**TASK GOAL:** Output only the lines from the line holding "Abalone Bangle laid" through the close of the records, exactly as they appear, with all pictures omitted.

[Data items]
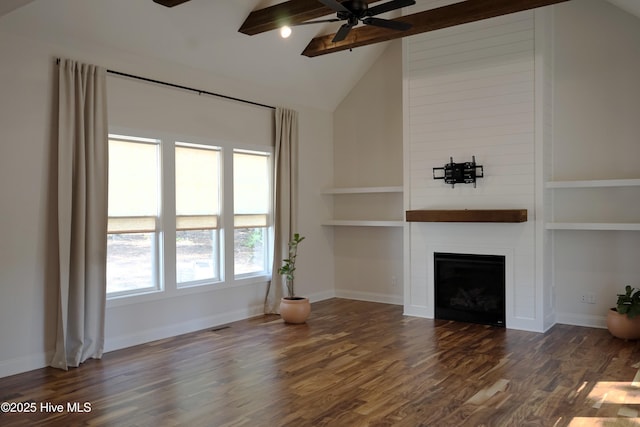 unfurnished living room featuring a large fireplace, ceiling fan, dark wood-style floors, and beamed ceiling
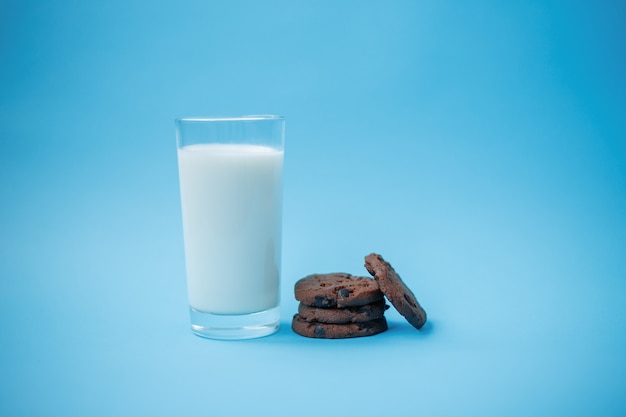 Cookies with chocolate chips on a plate on a table and a glass of milk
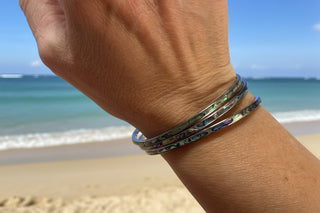 Abalone Bangle laid flat, showing its coastal-inspired charm and clasp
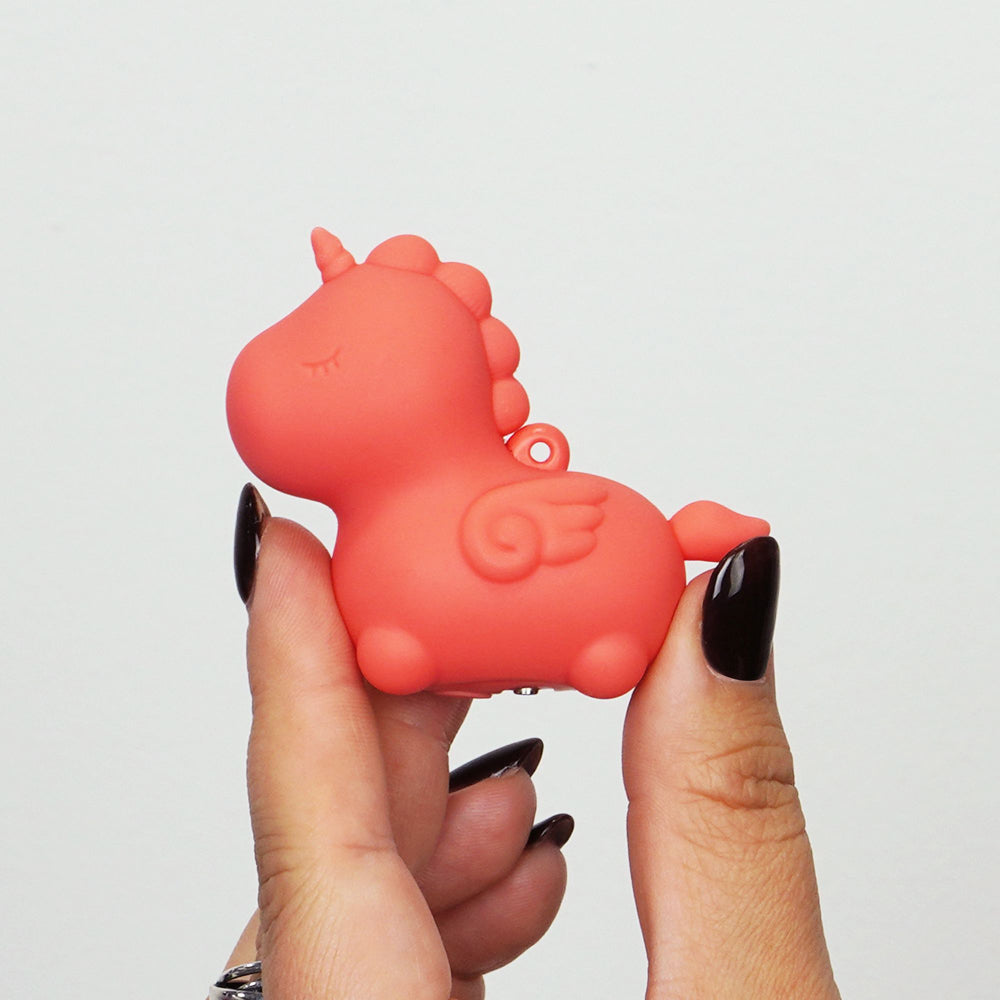 A coral pink silicone unicorn toy with wings is held between two fingers.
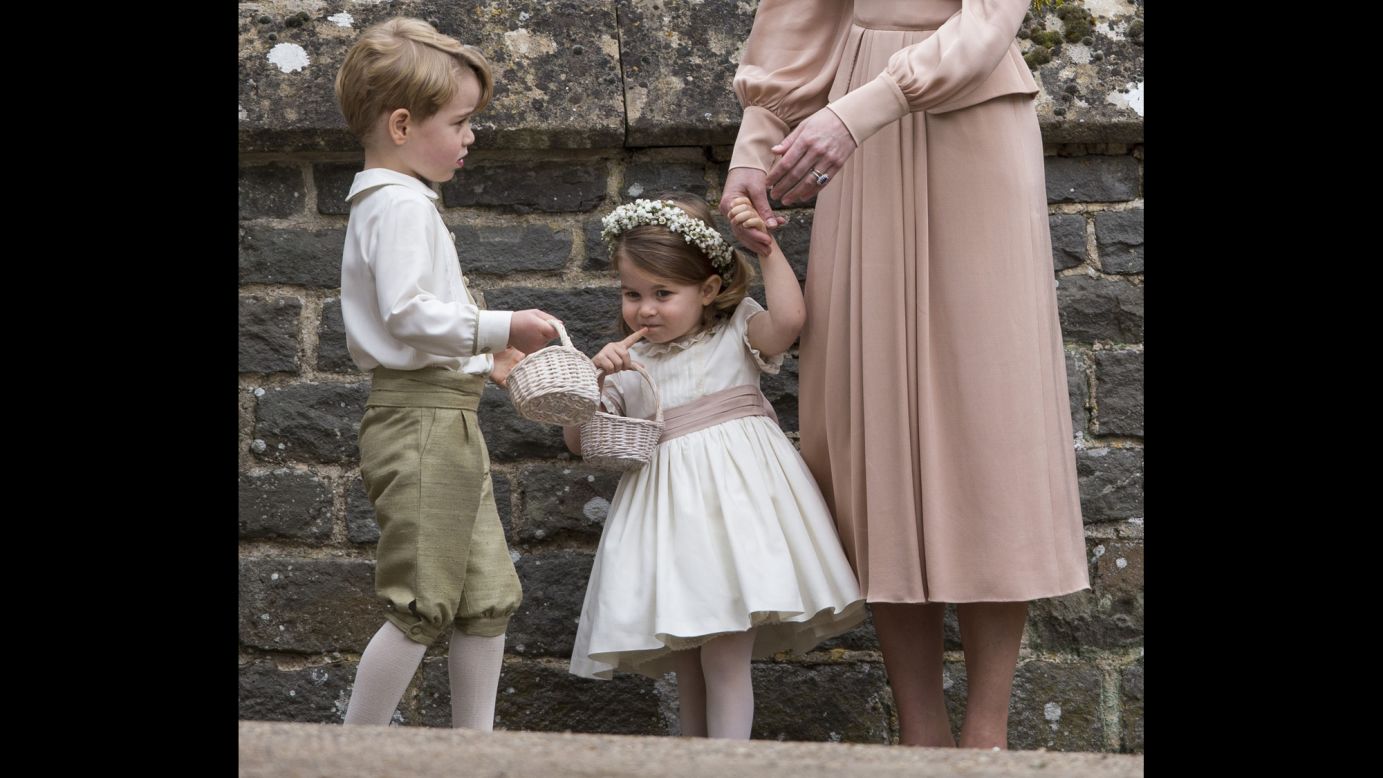 Britain's Prince George, left, and his little sister, Princess Charlotte, attend <a href="http://www.cnn.com/2017/05/20/world/pippa-middleton-wedding-day/" target="_blank">the wedding</a> of their aunt, Pippa Middleton, on Saturday, May 20. George was a page boy in the wedding. Charlotte was a flower girl.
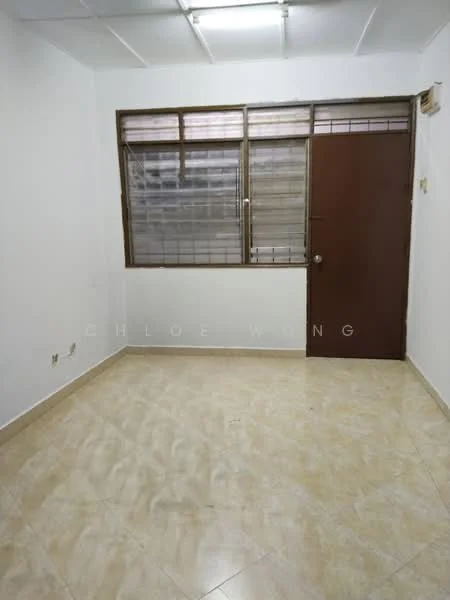 Room features: white painted walls, cream tiled flooring, single wooden door, large window with metal grilles, natural light from window, no visible furniture, plain ceiling, no visible ceiling fixtures; style: minimalist.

**FINISHED EXERCISE:**
 Abalone Bangle laid flat, showing its coastal-inspired charm and clasp
 A coral pink silicone unicorn toy with wings is held between two fingers.
 Britain's Prince George, left, and his little sister, Princess Charlotte, attend <a href="http://www.cnn.com/2017/05/20/world/pippa-middleton-wedding-day/" target="_blank">the wedding</a> of their aunt, Pippa Middleton, on Saturday, May 20. George was a page boy in the wedding. Charlotte was a flower girl.
 Room features: white painted walls, cream tiled flooring, single wooden door, large window with metal grilles, natural light from window, no visible furniture, plain ceiling, no visible ceiling fixtures; style: minimalist.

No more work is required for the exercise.